Further challenges arose during compliance risk assessments. Given the sheer number of internal controls in place, it became difficult for the company to calculate inherent risks, and then evaluate the strength of the controls to determine residual risks. In addition, risk reporting processes were largely siloed, thus slowing down the overall decision-making process.
Because of these challenges, the company began assessing various IT compliance solutions in the market. They eventually selected the MetricStream solution for IT compliance management that would enable the company to strengthen compliance not only with SCI requirements, but also with a wide range of other IT regulations and associated risks.
Mitigating IT Compliance Risks: With the MetricStream solution, the company has been able to streamline and automate their IT compliance management workflows, while consolidating compliance data in a centralized repository for optimal visibility. Users can also map compliance controls, policies, and assessments in an integrated structure.
The solution simplifies the process of scheduling and conducting automated IT control tests based on pre-defined criteria and checklists. It also accelerates IT compliance risk assessments, enabling the company to efficiently calculate inherent and residual risks in the first line of defense.
Improving Efficiency through Automation: To push the control testing details from the MetricStream solution to an automated testing tool or framework, the solution was configured to integrate with an external testing tool named Selenium. The integration was performed by the MetricStream solution’s data integration engine, Infolets, through a secure file transfer protocol (SFTP) process to ensure the secure transfer of inbound and outbound data.
The implemented solution is automation tool or framework agnostic and can therefore be integrated with any automated testing tool.

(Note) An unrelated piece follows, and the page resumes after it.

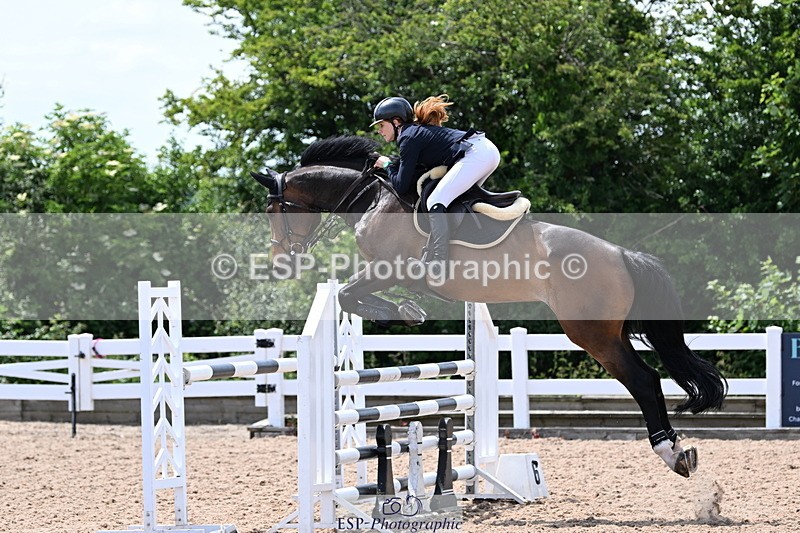 240619A-141050-00446 - Cls 4 Snr Newcomers and 1.10m Open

Business Benefits: The solution enables the company to continue leveraging existing automation tools without the need to switch to a new one. The underlying MetricStream GRC Platform also provides an enterprise view of the control testing results.

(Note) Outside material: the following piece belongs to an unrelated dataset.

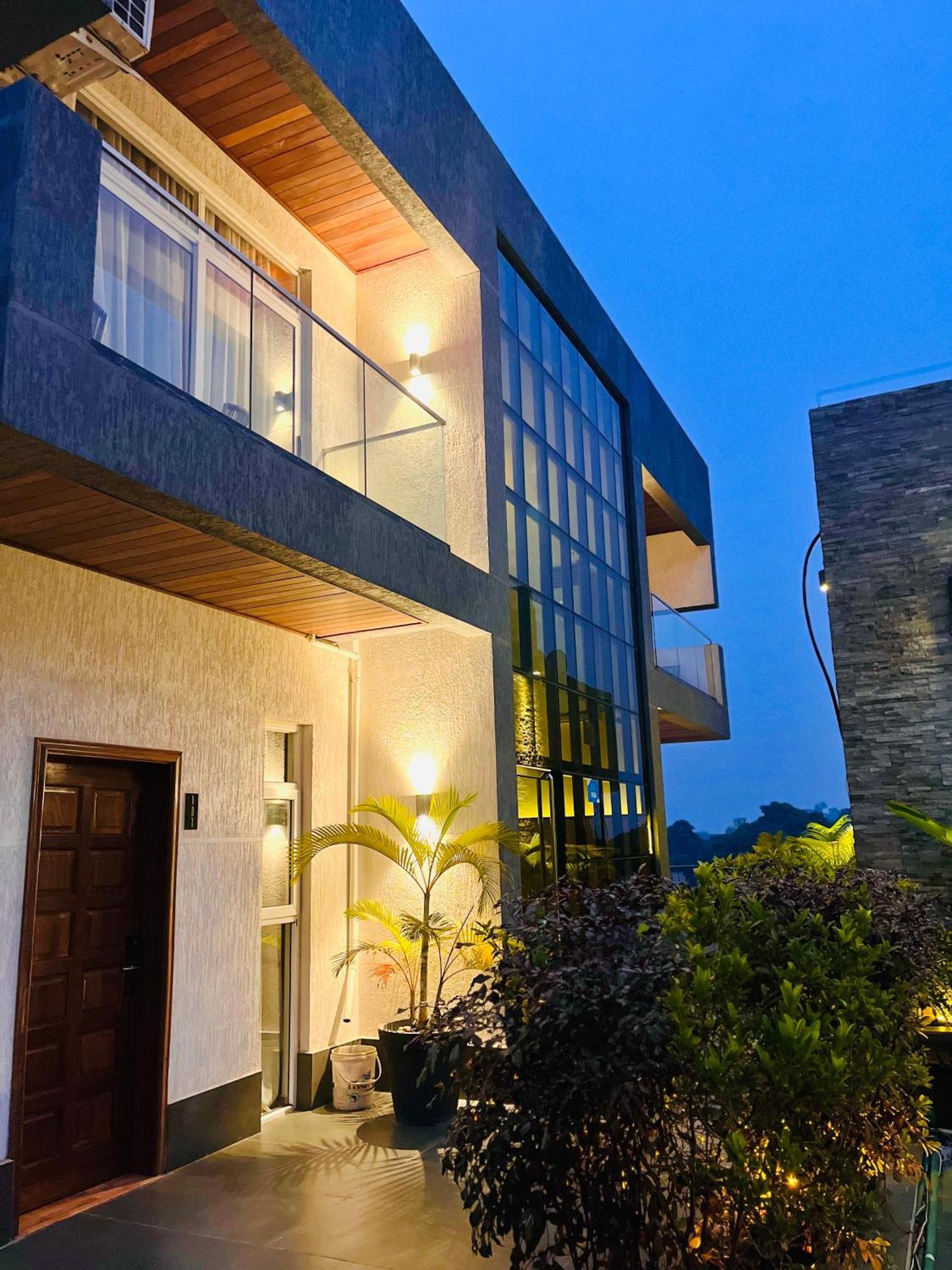 H&H Hotel Kinshasa Bagian luar foto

Technology Integration Details: Scripts are executed through a pre-defined algorithm to identify evidence of controls. The Selenium automation server then updates the evidence with all required findings. To keep a track of tasks, the automation server records all the activities, and sends the final attachment as an inbound file to the MetricStream solution. The solution then applies those results to a specific task within a test plan for a test analyst or control tester to view the summary, and to check if the control test results are a pass or fail. Detailed reports are also generated so that different stakeholders within the company can view the results.
Enhancing Visibility into IT Compliance Risk Assessments: The company now has a robust reporting and dashboard engine to gain a 360-degree, real-time view of IT compliance risks across the enterprise. The tool enables them to create user-configurable executive reports and dashboards based on their specific business requirements.
Stakeholders within the company can now make faster decisions based on risks that have a high potential impact on business operations. They can also generate comprehensive reports of self-assessments with visibility into key risk indicators (KRIs), assessment results, and compliance initiatives. All these insights enable the company to maintain sustainable compliance with various IT regulations, while minimizing risks and any other issues that arise.